● Supplied records:
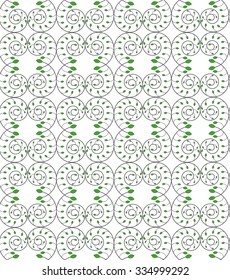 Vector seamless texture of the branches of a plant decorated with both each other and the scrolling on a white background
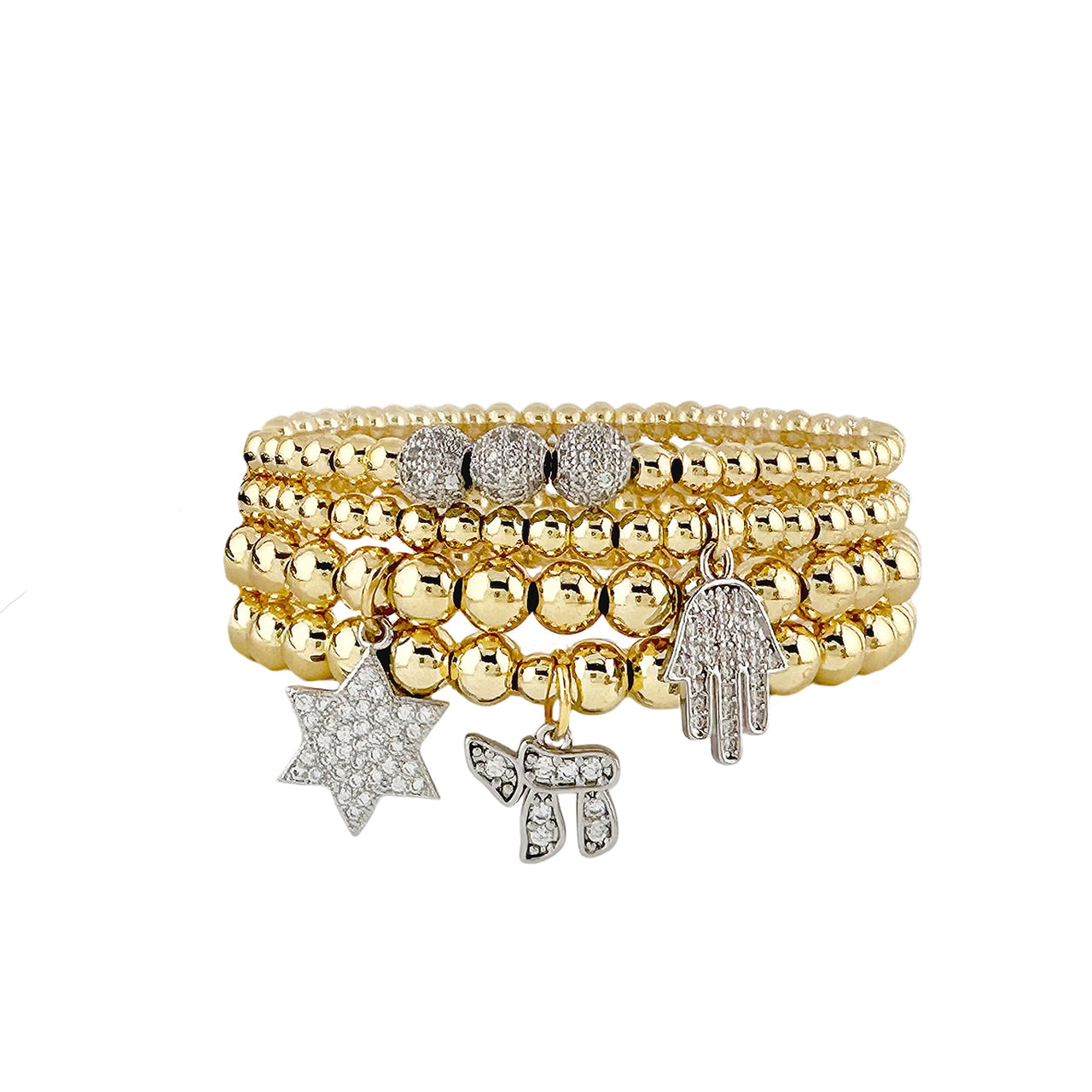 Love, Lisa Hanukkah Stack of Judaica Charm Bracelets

==

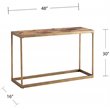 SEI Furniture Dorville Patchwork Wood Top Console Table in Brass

...

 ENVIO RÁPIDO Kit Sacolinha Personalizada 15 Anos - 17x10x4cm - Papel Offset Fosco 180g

● Work order:
Beginning with the line above that contains "Vector seamless texture" and ending with the line that contains "Love, Lisa Hanukkah", quote each line exactly, keeping out the pictures.

● Response box:
 Vector seamless texture of the branches of a plant decorated with both each other and the scrolling on a white background
 Love, Lisa Hanukkah Stack of Judaica Charm Bracelets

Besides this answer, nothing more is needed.